Similarly when you buy a Put option, your commitment is limited to the initial premium paid. Taking a similar example, if A buys a Put option of Nifty for Rs 50/-, and Nifty rises, the value of the Put can decrease to zero but not into negative territory. The maximum loss incurred by A will be Rs 50/- (i.e.the initial premium paid). But if Nifty falls significantly, the profits can be unlimited - proportionately just as much as Nifty rises.
Selling an option
a) You can sell an option you have already bought to square up at a profit or loss. Your contract ends with no further liability.
b) You can be an initial seller of options. This is called short-selling or specifically as OPTION WRITING. This is almost like short-selling in intraday cash share trade, with the difference that you are not necessarily required to square off the transaction (by buying the Call back) during the same trading session. In fact you can square off the transaction any time up to the expiry date - depending upon as to when you’re able to realise your optimum profit.
What are the liabilities of an option writer ?
The option writer who sells Calls or Puts without having initially bought them faces a possibility of unlimited gains or unlimited loss depending on which way the index or scrip moves. When he sells an option, (Call or Put), the premium collected gets credited into his account. But, he has a responsibility to compensate the buyer of the option against any movement in favor of the buyer. For example, if he sells a Call option to A, and if the call premium moves up along with upward movement of the index or scrip, the benefit to A will be provided from the premium collected by the Option Writer. If he sells a Put option to B, and if the call premium moves up along with downward movement of the index or scrip, the benefit to B will be provided from the premium collected by the Option Writer. His liability exists till he squares up his position by buying back the Call or the Put.

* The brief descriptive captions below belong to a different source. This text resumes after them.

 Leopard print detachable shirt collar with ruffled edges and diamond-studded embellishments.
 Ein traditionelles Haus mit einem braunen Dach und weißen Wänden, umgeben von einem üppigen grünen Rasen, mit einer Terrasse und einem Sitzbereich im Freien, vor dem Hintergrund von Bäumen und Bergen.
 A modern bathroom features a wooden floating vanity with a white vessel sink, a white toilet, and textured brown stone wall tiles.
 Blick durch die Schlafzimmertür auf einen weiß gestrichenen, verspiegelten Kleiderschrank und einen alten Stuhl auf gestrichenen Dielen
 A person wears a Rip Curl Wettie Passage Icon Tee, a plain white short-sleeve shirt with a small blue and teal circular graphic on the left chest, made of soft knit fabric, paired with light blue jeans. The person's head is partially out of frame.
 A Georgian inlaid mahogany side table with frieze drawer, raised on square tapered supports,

To protect the buyer against default by the Option Writer, the latter has to pay a deposit to the Exchange for each option sold. This amounts to about 10% of the total value of the option (not just the premium, but the strike value x units per lot) for Nifty (about Rs 20000/- presently), but is considerably higher for individual scrips. The actual percentage is calculated depending on volatility and open interest position in the derivative. This may vary from day to day or week to week. The deposit is returned to the Option Writer once he has squared up his option (after adjustments for any loss or gain).
How does an option writer make money ?
The gains follow this formula : Selling premium minus buy back premium x units per lot x number of options.
This could be possible in any of the following situations :
a) By buying back if the option premium falls due to volatility of the scrip.b) If the scrip price remains stagnant, the option writer would gain by the inevitable time decay (see under Terminology category) that occurs as the expiry date approaches.
Usually option writers concentrate on large volumes and low profits per option, thereby ensuring consistent profits. Option writing using time-decay is a method of generating a monthly income from the markets as against investing or speculating - that is dependent only on scrip movements.